Meiner Meinung nach ist Beate Rygiert wie beabsichtigt hervorragend gelungen, Clara’s Schicksal „…fühl- und erlebbar zu machen.“ (Nachwort, Seite 363)
Als Leipzigerin kam ich bereits sehr früh mit Clara und Robert Schumann in Verbindung. Von ihrem strengen Vater sowie Robert’s Leiden wusste ich, umso beeindruckender ist diese Geschichte, die teils biografisch, teils mit Fiktion verknüpft ein Bild dieser starken und kämpferischen Frau aufzeigt.

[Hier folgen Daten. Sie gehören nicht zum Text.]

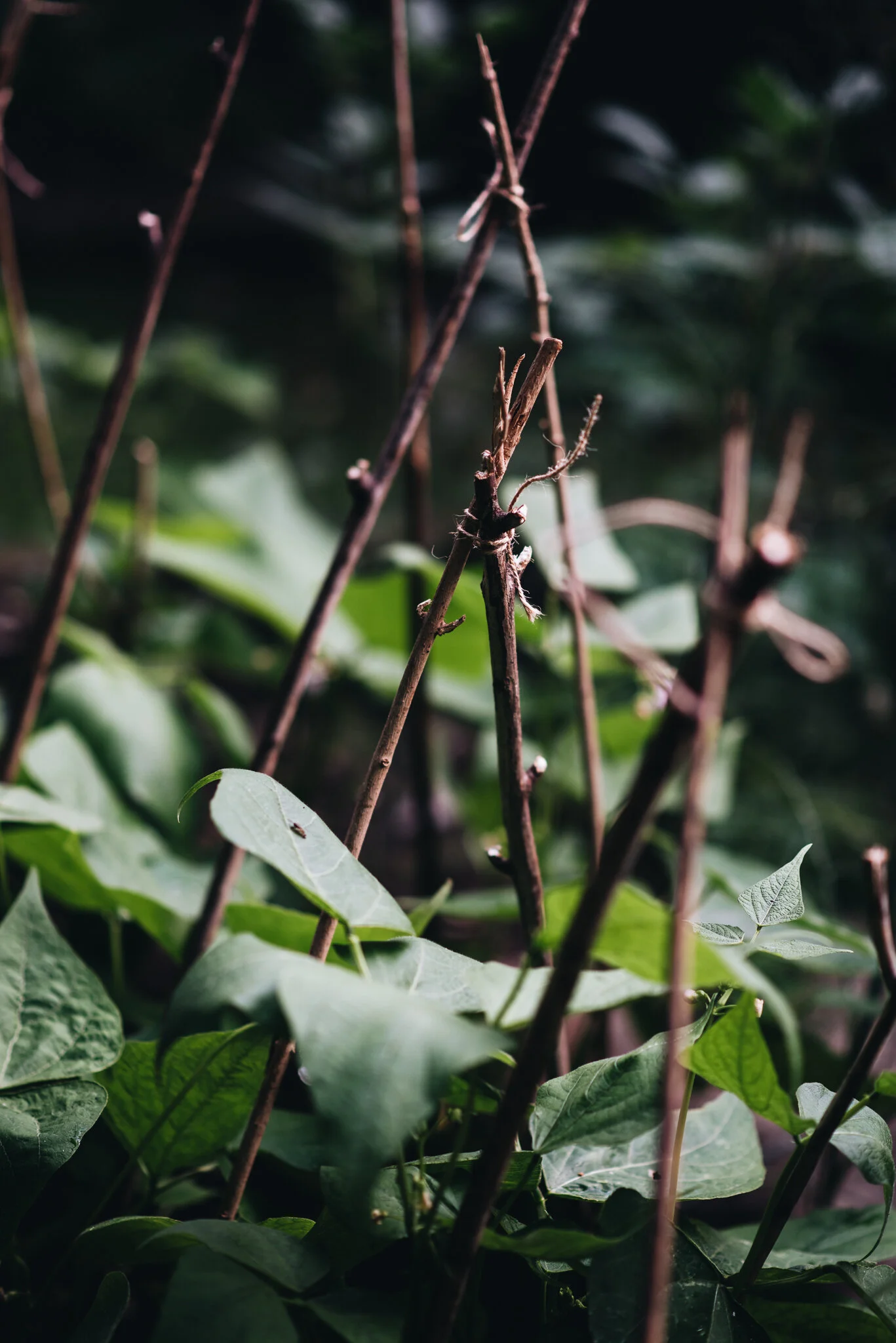 eloise layla nurse garden photographer-1-5.jpg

Nach dem langen und harten Streit mit dem Vater um ihr Liebesglück versucht sie desillusioniert den Spagat zwischen Ehefrau, Mutter und Künstlerin zu meistern, was zu Lasten ihrer Karriere und auch Gesundheit geht. So ist es eine Erlösung als sich dieses Kapitel mit einer Versöhnung mit sich selbst an Robert’s Sterbebett schließt und sie diese Chance nutzt an ihre Karriere als Pianistin anzuknüpfen.
Es ist somit nicht nur die Geschichte einer romantischen Liebe, sondern auch die, einer Liebe in schwierigen Zeiten als auch einer großartigen Künstlerin, die die Autorin sehr sensibel zeichnet.
Dieses Buch ist eine geglückte Hommage an eine starke Frau, das ich sehr gern weiterempfehle.